A comitiva do Governo de Mato Grosso, liderada pelo governador Mauro Mendes, cumpriu a última agenda do dia no município de Peixoto de Azevedo, nesta terça-feira (24.3), com o anúncio de um pacote de novos investimentos no valor de R$ 45 milhões.
“Muita coisa melhorou no Estado nesses últimos sete anos e tudo se deve a um conjunto de servidores públicos que fizeram corretamente o seu papel. O governo vai continuar melhorando os próximos equipamentos públicos. No final do dia, o que importa não é apenas um local novo, mas fornecer serviços de melhor qualidade para a população”, afirmou o governador Mauro Mendes, acompanhado da primeira-dama Virginia Mendes.

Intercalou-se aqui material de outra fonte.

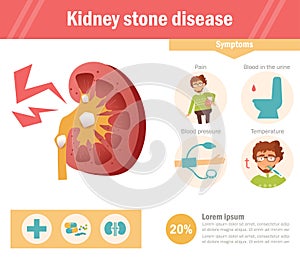 Kidney stone disease Vector. Cartoon.  art on white background. Flat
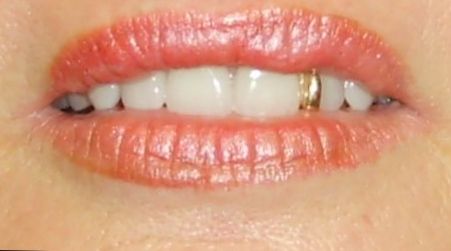 Active Denture Clinic - Gold Coast Dentists 8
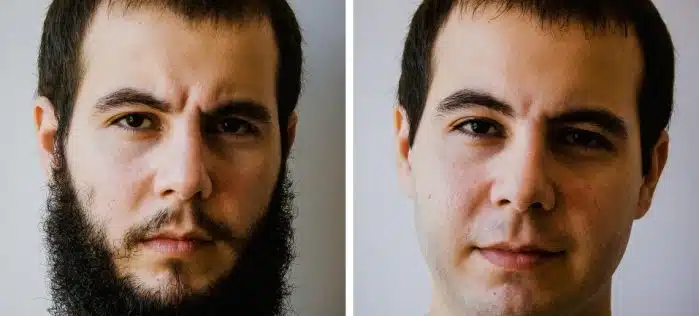 Medicamentos que fazem os pelos faciais crescerem é uma das grandes Mentiras sobre a Barba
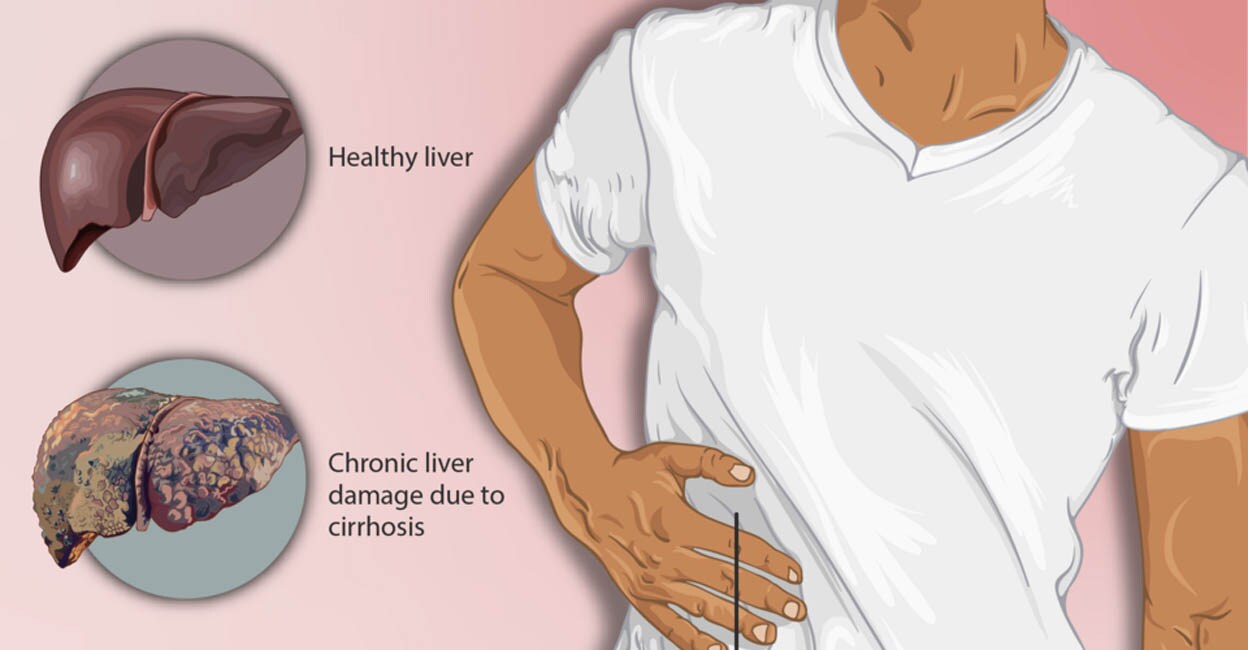 liver-cirrohsis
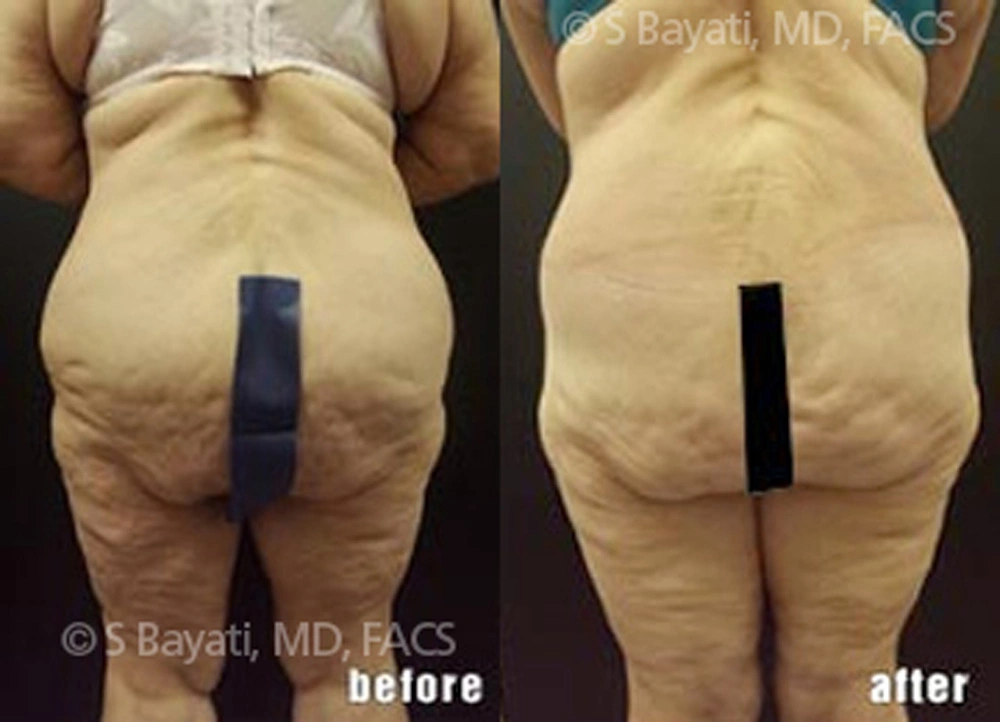 Real Patient Results in Newport Beach, CA. Preformed by Semira Bayait, MD, FACS.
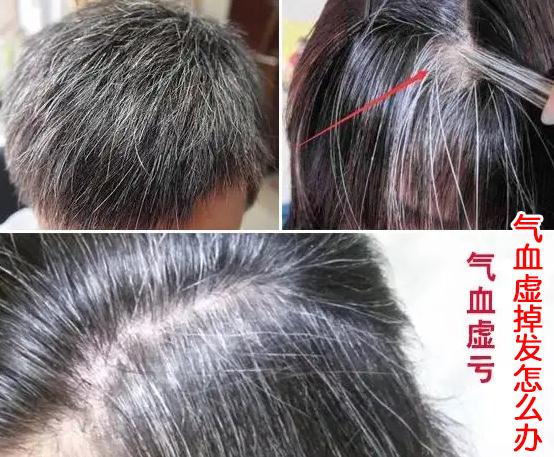 气血虚掉发怎么办,就用它大补气血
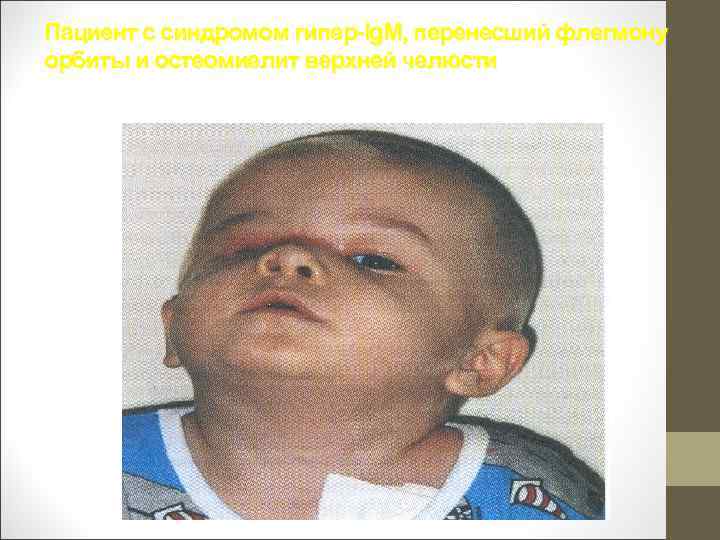 Пациент с синдромом гипер-Ig. M, перенесший флегмону орбиты и остеомиелит верхней челюсти 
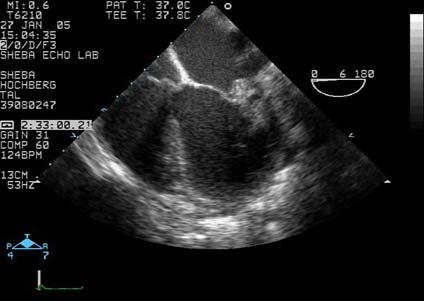 The next day a TEE is performed A large vegetation on the mitral valve with a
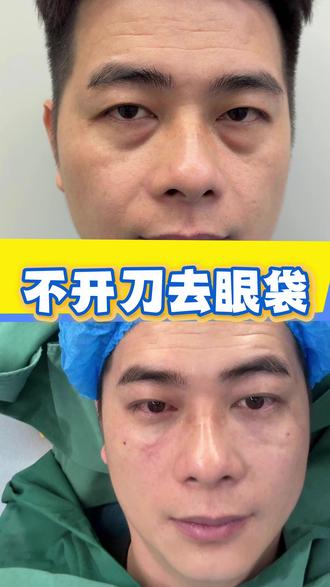不开刀去眼袋 #去眼袋 #不开刀去眼袋
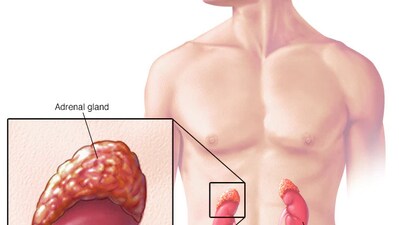 Adrenocortical Carcinoma section - the Cushing’s Syndrome Learning Zone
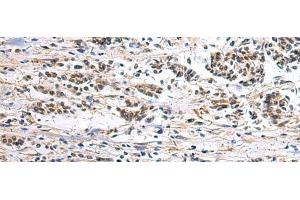 Immunohistochemistry of paraffin-embedded Human breast cancer tissue using CLCN7 Polyclonal Antibody at dilution of 1:105(x200)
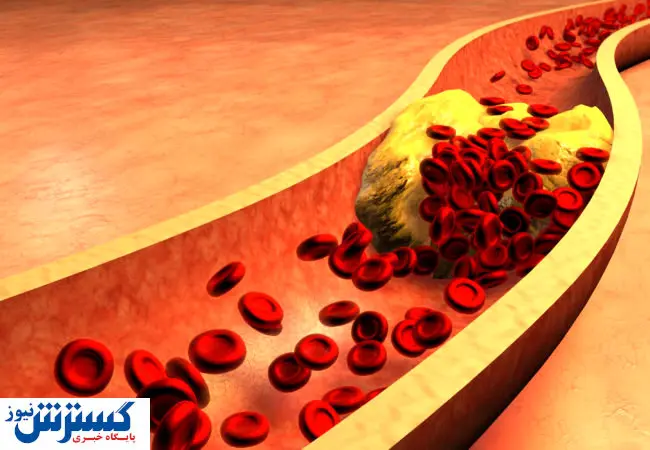 اگر تری گلیسرید بالا دارید این مواد غذایی را مصرف کنید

O prefeito de Peixoto de Azevedo, Nilmar Nunes, conhecido como Paulistinha, apontou que os recursos vão levar mais desenvolvimento para a cidade. “Os investimentos anunciados representam um avanço importante na infraestrutura e nos serviços públicos do município, fortalecendo áreas estratégicas e promovendo mais qualidade de vida à população. Essa parceria com o Governo do Estado é fundamental para garantir o desenvolvimento sustentável da nossa cidade”, disse.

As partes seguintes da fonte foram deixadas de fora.